Despite years of dire predictions, TV advertising continues to outperform other media.
2019 is right around the corner. It’s that time of new beginnings, hopeful resolutions and of course, pundits making predictions. The latest fodder for the talking heads? The demise of television. Citing everything from declining network ratings to cord-cutting Millennials, these so-called authorities have turned lamenting the state of TV into something of an annual obsession.
Television not only remains alive and well, it’s more relevant and effective than ever for direct-to-consumer brands. Unlike other media, it has the power to bring us together for shared experiences. It’s engaging in ways that social media has yet to discover. Most importantly, television works.

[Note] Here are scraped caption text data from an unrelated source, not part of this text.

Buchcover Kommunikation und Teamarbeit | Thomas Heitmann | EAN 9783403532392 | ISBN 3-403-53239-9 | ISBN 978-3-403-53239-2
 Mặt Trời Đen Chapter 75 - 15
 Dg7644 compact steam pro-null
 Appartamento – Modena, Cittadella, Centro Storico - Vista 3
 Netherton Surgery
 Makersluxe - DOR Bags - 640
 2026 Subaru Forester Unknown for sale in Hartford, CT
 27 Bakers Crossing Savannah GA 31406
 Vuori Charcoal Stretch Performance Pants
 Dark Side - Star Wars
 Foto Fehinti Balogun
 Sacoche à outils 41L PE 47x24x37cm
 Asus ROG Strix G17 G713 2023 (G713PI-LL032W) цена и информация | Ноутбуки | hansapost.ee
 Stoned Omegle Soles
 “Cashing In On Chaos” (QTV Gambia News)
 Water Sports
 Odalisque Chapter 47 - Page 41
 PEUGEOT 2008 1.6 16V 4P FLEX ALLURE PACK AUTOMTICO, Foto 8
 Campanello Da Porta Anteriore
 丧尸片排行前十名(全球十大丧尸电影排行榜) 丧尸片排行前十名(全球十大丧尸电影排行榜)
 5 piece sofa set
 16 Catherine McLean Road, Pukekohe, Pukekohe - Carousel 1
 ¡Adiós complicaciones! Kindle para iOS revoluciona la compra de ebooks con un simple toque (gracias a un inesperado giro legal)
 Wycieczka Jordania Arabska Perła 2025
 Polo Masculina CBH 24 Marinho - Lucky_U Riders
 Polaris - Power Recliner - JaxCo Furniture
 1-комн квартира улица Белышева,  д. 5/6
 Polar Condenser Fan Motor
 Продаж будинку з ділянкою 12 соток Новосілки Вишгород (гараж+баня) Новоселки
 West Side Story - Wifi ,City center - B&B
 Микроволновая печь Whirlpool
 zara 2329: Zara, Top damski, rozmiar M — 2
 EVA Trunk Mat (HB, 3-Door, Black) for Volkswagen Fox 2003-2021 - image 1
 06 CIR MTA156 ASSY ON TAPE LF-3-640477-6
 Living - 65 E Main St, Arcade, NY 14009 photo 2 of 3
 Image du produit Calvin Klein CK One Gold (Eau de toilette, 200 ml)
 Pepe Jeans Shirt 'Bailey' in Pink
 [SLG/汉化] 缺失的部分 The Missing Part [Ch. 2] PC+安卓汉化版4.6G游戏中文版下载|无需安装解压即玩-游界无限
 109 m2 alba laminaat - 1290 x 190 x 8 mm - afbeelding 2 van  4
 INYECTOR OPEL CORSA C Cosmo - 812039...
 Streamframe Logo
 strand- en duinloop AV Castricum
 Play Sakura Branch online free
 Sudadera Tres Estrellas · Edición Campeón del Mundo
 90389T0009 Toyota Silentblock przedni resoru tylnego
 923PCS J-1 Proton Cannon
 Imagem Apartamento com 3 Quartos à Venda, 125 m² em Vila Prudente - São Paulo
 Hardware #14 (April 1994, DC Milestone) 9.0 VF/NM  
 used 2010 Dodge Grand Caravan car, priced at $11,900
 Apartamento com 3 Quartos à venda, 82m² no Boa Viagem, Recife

In fact, a study of 50 direct-disruptor brands found immediate positive business outcomes in key brand metrics as they entered and expanded their presence in TV. This included an 83% lift in website traffic, an average increase of 188% in search volume, and significant revenue growth once they started spending on TV.
An evolution in TV viewing habits
The exaggerators do have one thing right. The television landscape has changed dramatically. But rather than sealing TV’s fate, this evolution demonstrates the medium’s longevity, and provides significant new opportunities for advertisers.
A healthy broadcast approach considers these facts:
Audience numbers remain steady. From football games to reality shows, we still tune in to television. That’s 119.9 million households, to be exact. Contrary to predictions, adults 25 and older still watch exactly the same amount of television today as they did five years ago. And, just as the U.S. population has grown, so has the overall TV audience in the U.S., up five percent over five years ago.
There’s a network for nearly everyone. Love baking pies? Can’t get enough of true crime documentaries? How about Spanish-language movies? Great news—there’s a network for that. In 2018, viewers had exponentially more TV choices, with over 1,700 commercial stations available. (In 1950, there were about 100 stations; in 1960, around 500.) Major networks now represent only a fraction of the available television universe.
Viewing is more specialized. Paradoxically, even with hundreds of channels at our fingertips, most of us watch only one or two networks each day. We spend less time channel surfing, and when we watch, we concentrate on a few favorites.
Watching happens anytime, anywhere. Even “watching TV” no longer requires a stationary position in front of a traditional television set. The rise of TV-connected devices empowers viewers—particularly Millennials—to consume our favorite shows at home and on the go. Rather than leading to a dead end, smart phones and tablets are breathing new life into TV by adapting to today’s mobile and empowered lifestyles.
The bottom line? We simply don’t watch television the same way we did twenty years ago. And twenty years from now, our habits will likely continue to evolve.
Television continues to deliver—so long as modern marketers keep up with the times. For advertisers, that means looking beyond the traditional networks and shows, in order to reach the right buyers.